Once you find the line containing "Click to Enlarge", set down exactly that line and every one after it through the end of the listing below, with both ends included and any pictures omitted.

_ _ _ _ _ _ _

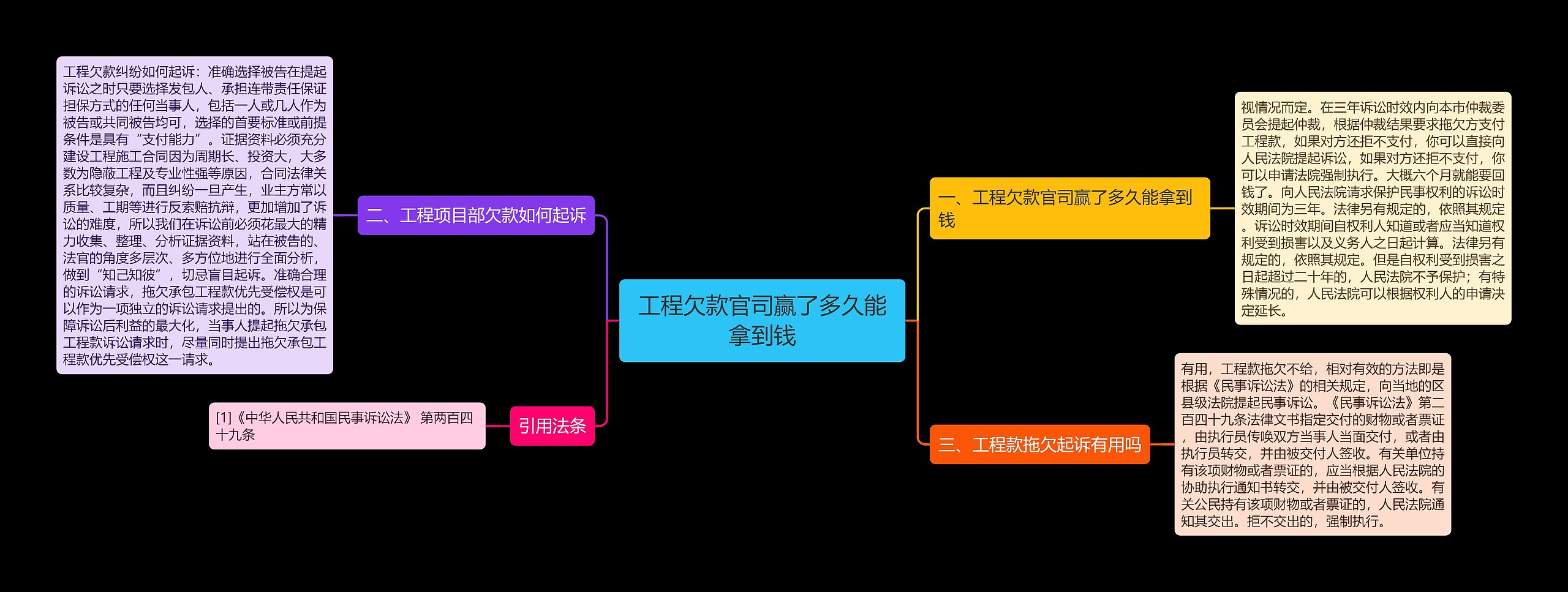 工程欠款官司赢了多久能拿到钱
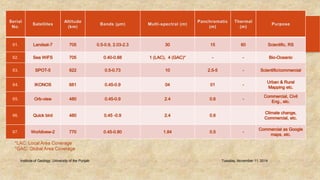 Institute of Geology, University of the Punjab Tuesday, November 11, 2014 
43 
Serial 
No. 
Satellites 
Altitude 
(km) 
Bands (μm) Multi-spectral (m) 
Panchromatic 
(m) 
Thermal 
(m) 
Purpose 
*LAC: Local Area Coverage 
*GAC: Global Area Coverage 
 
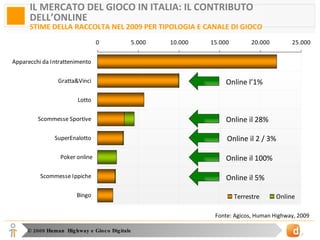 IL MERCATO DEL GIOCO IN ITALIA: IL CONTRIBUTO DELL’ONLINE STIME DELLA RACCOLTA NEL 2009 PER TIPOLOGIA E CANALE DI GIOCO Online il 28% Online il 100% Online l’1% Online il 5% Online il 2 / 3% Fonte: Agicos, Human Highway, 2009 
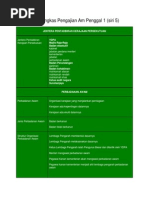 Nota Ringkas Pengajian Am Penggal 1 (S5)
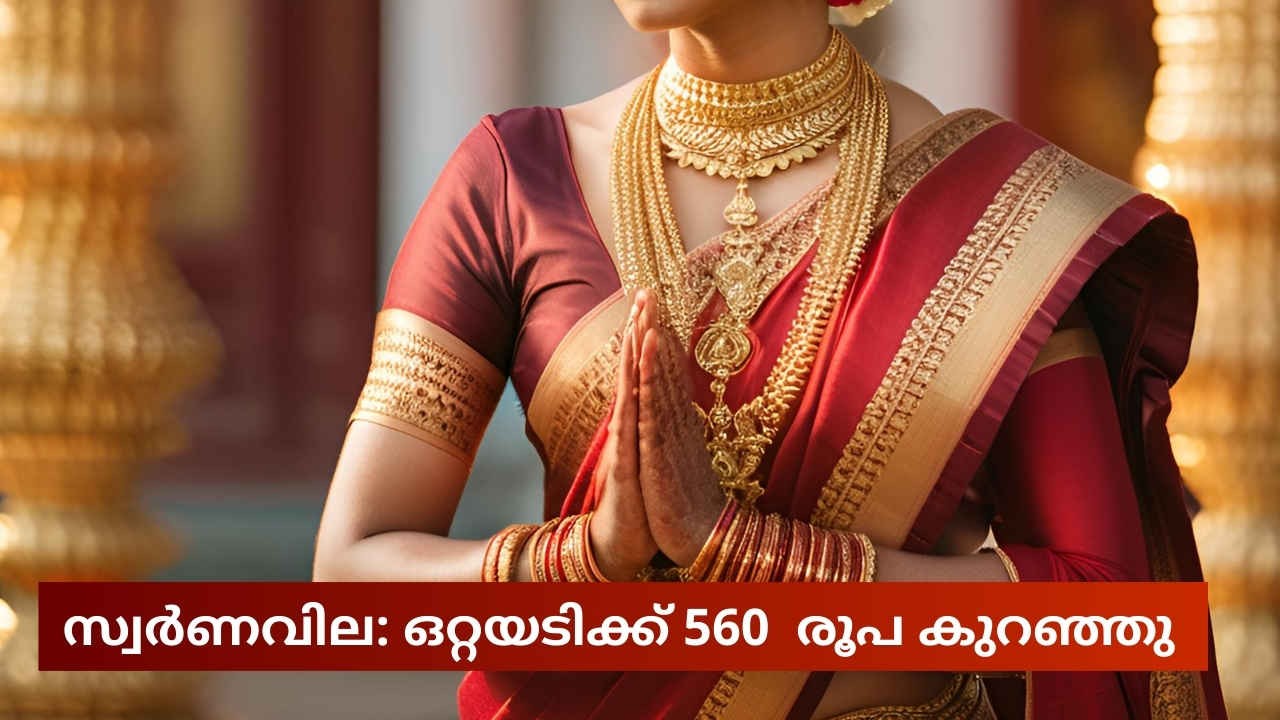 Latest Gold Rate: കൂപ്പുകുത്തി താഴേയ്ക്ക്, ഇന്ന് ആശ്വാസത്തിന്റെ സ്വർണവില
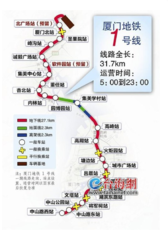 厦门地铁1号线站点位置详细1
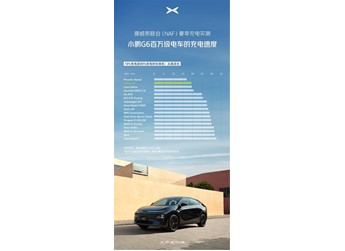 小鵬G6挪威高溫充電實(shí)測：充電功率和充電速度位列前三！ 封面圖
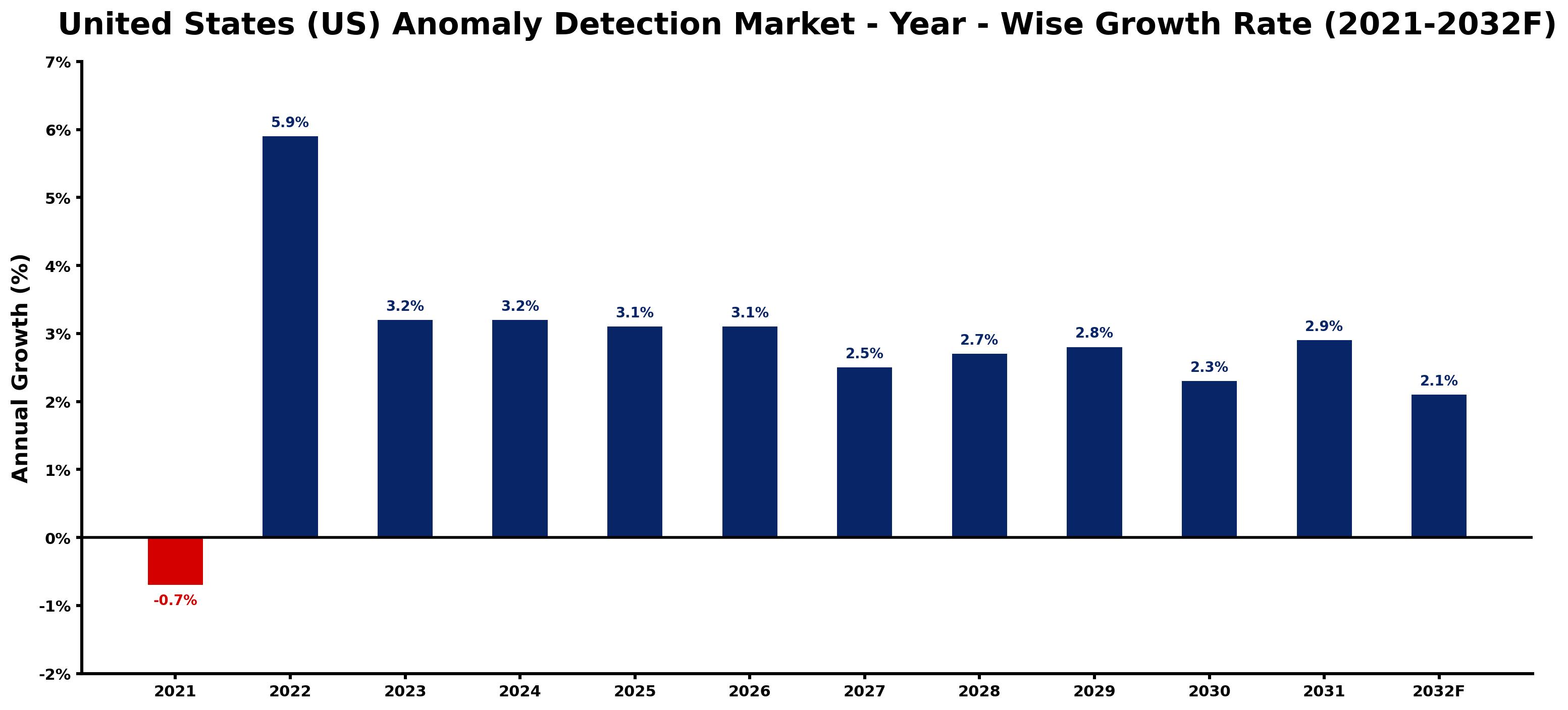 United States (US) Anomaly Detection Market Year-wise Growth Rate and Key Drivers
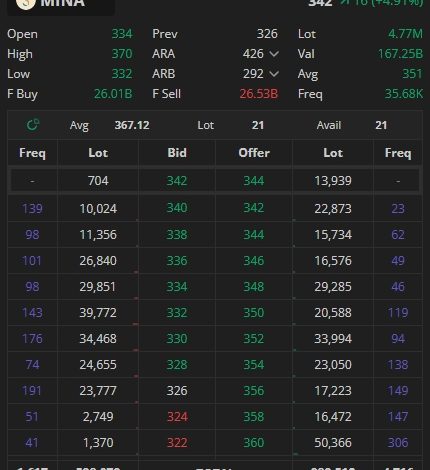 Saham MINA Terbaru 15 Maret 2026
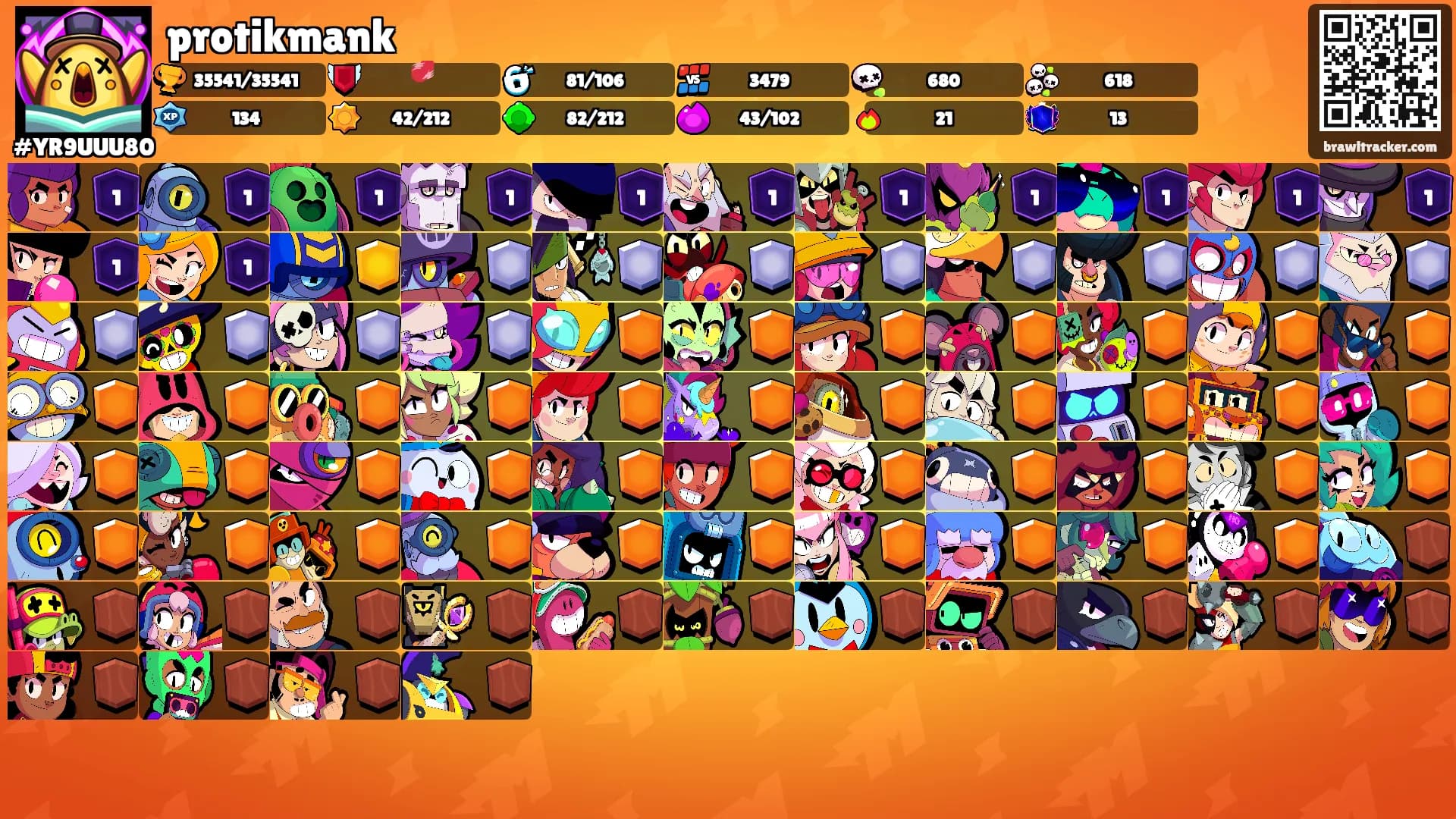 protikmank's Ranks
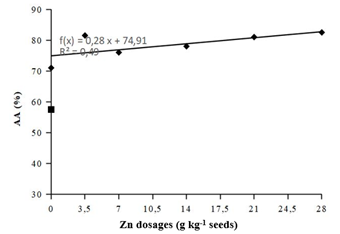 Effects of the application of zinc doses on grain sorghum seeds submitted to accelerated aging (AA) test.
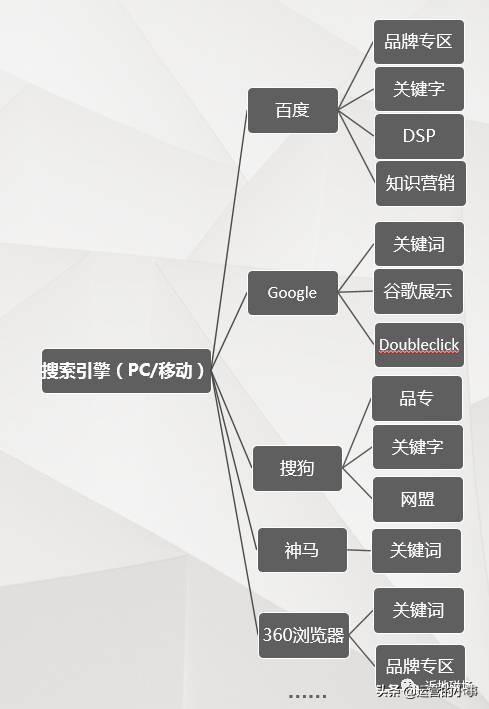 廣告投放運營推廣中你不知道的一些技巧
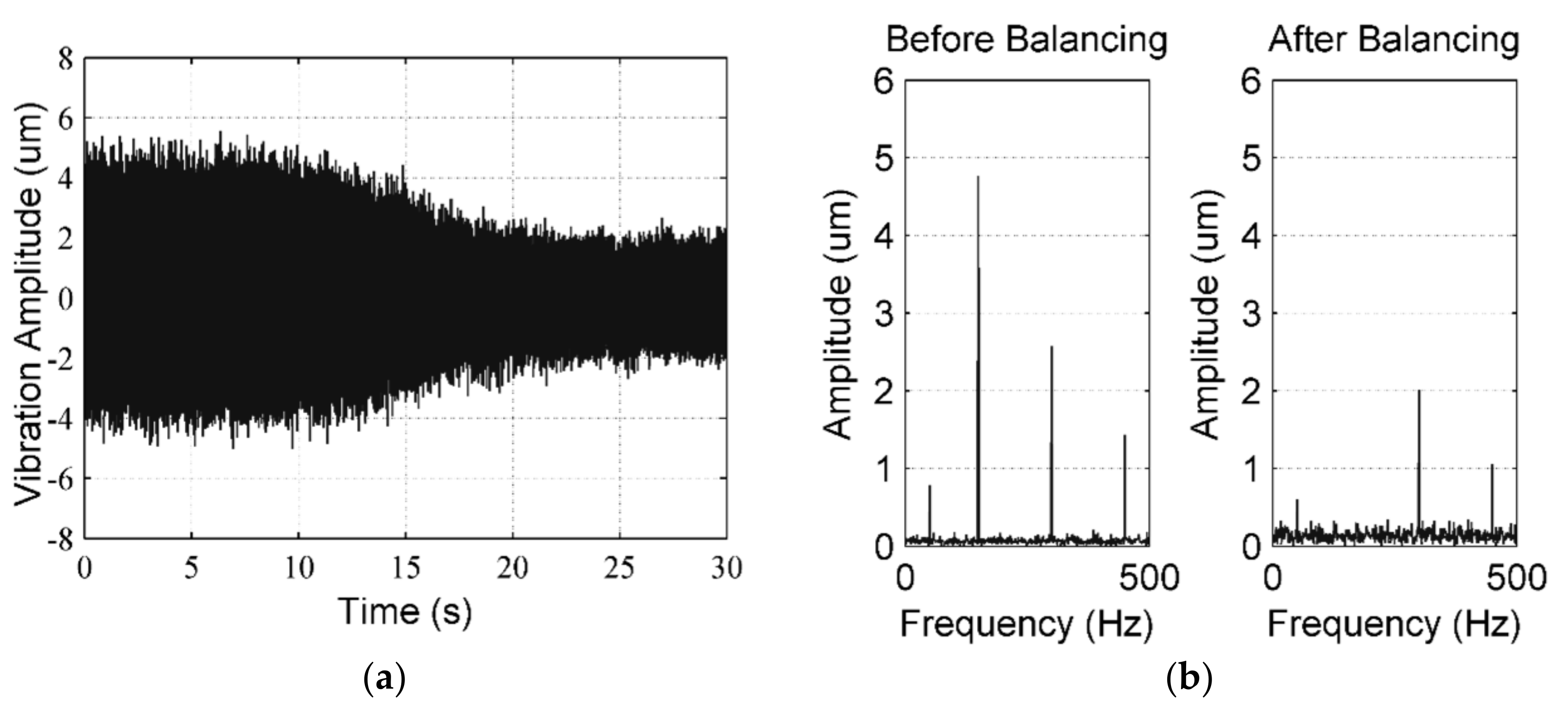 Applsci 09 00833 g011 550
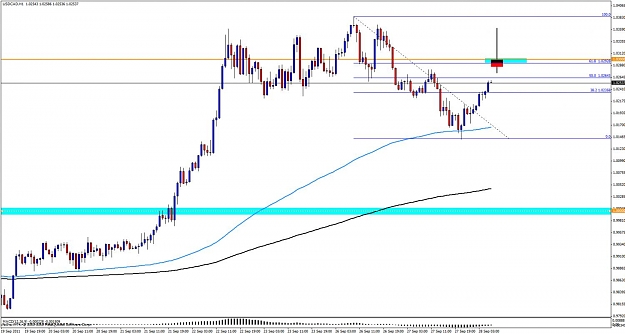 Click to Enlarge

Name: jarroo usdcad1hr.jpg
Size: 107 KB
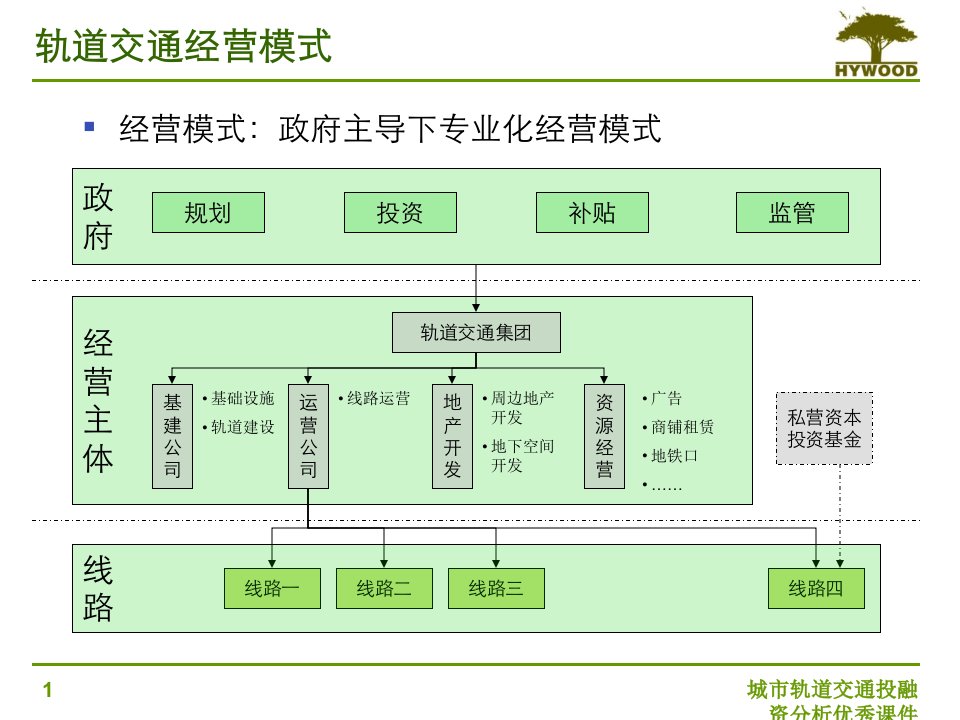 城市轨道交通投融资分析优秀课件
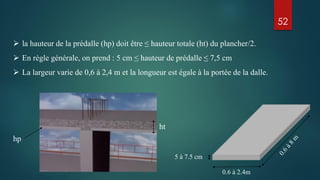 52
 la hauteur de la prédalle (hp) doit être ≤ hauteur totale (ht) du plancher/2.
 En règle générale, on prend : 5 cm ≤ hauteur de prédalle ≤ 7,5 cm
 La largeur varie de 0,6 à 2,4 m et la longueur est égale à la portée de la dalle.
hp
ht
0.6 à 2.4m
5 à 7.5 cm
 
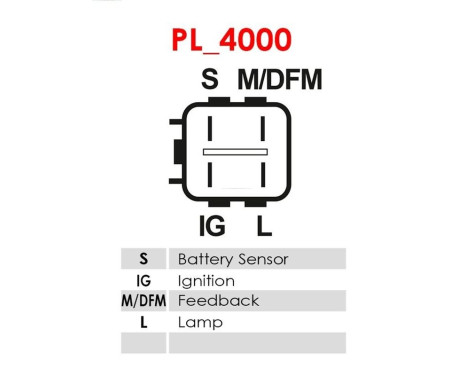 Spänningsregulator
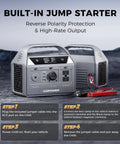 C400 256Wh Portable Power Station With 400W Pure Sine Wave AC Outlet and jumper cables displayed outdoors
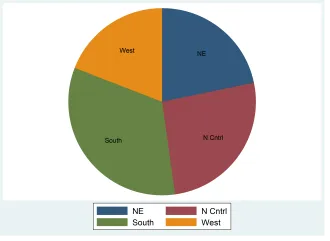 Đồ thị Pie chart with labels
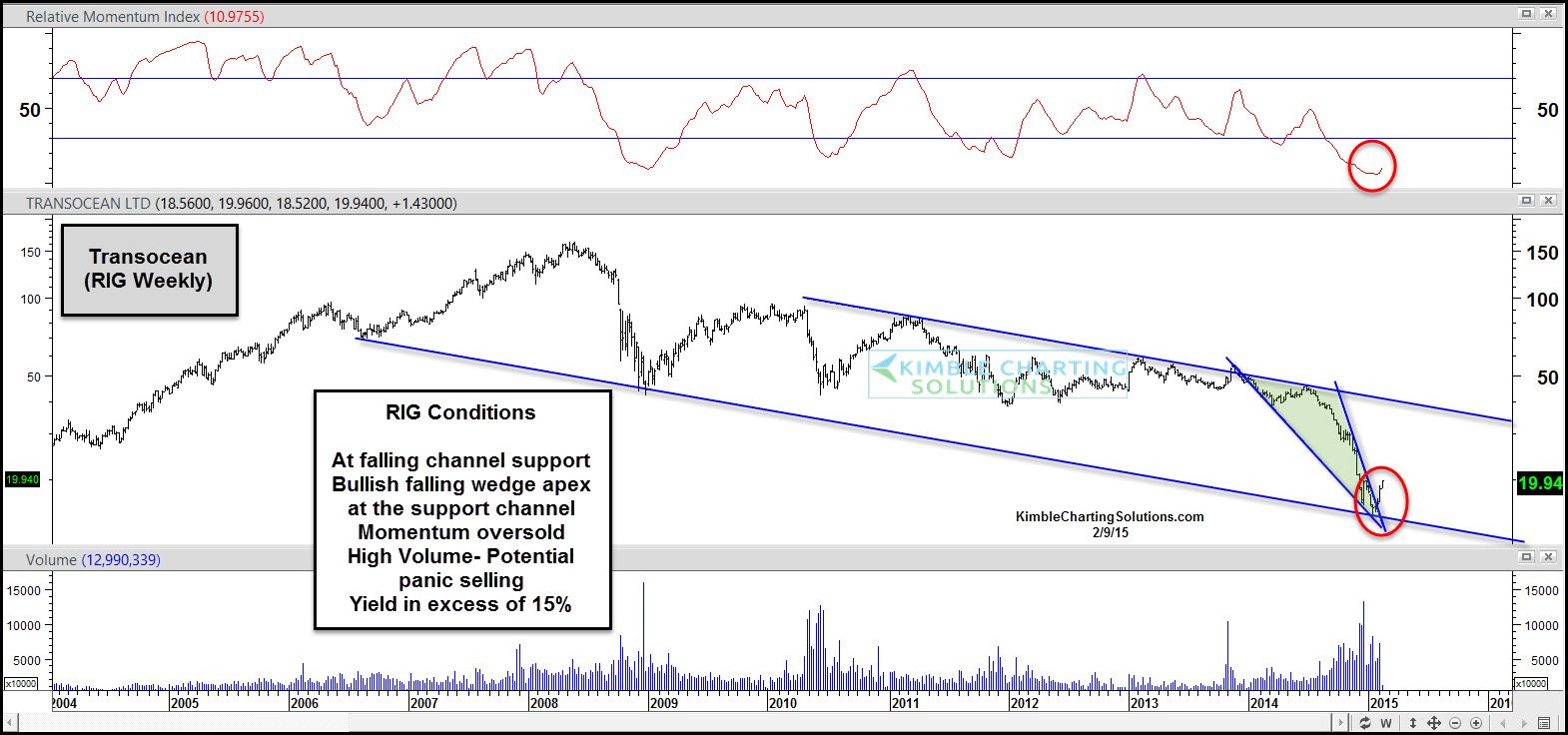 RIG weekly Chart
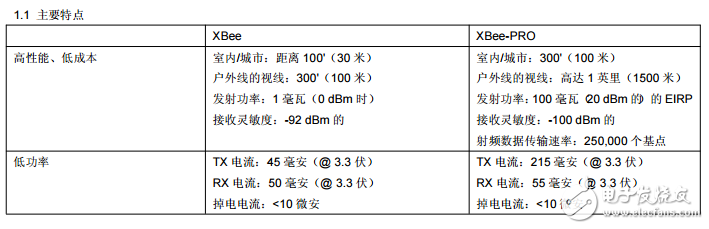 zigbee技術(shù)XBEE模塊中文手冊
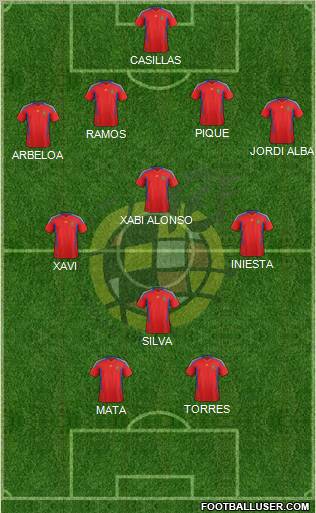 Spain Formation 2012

_ _ _ _ _ _ _

Task result:
 Click to Enlarge

Name: jarroo usdcad1hr.jpg
Size: 107 KB
 城市轨道交通投融资分析优秀课件
 52
 la hauteur de la prédalle (hp) doit être ≤ hauteur totale (ht) du plancher/2.
 En règle générale, on prend : 5 cm ≤ hauteur de prédalle ≤ 7,5 cm
 La largeur varie de 0,6 à 2,4 m et la longueur est égale à la portée de la dalle.
hp
ht
0.6 à 2.4m
5 à 7.5 cm
 
 Spänningsregulator
 C400 256Wh Portable Power Station With 400W Pure Sine Wave AC Outlet and jumper cables displayed outdoors
 Đồ thị Pie chart with labels
 RIG weekly Chart
 zigbee技術(shù)XBEE模塊中文手冊
 Spain Formation 2012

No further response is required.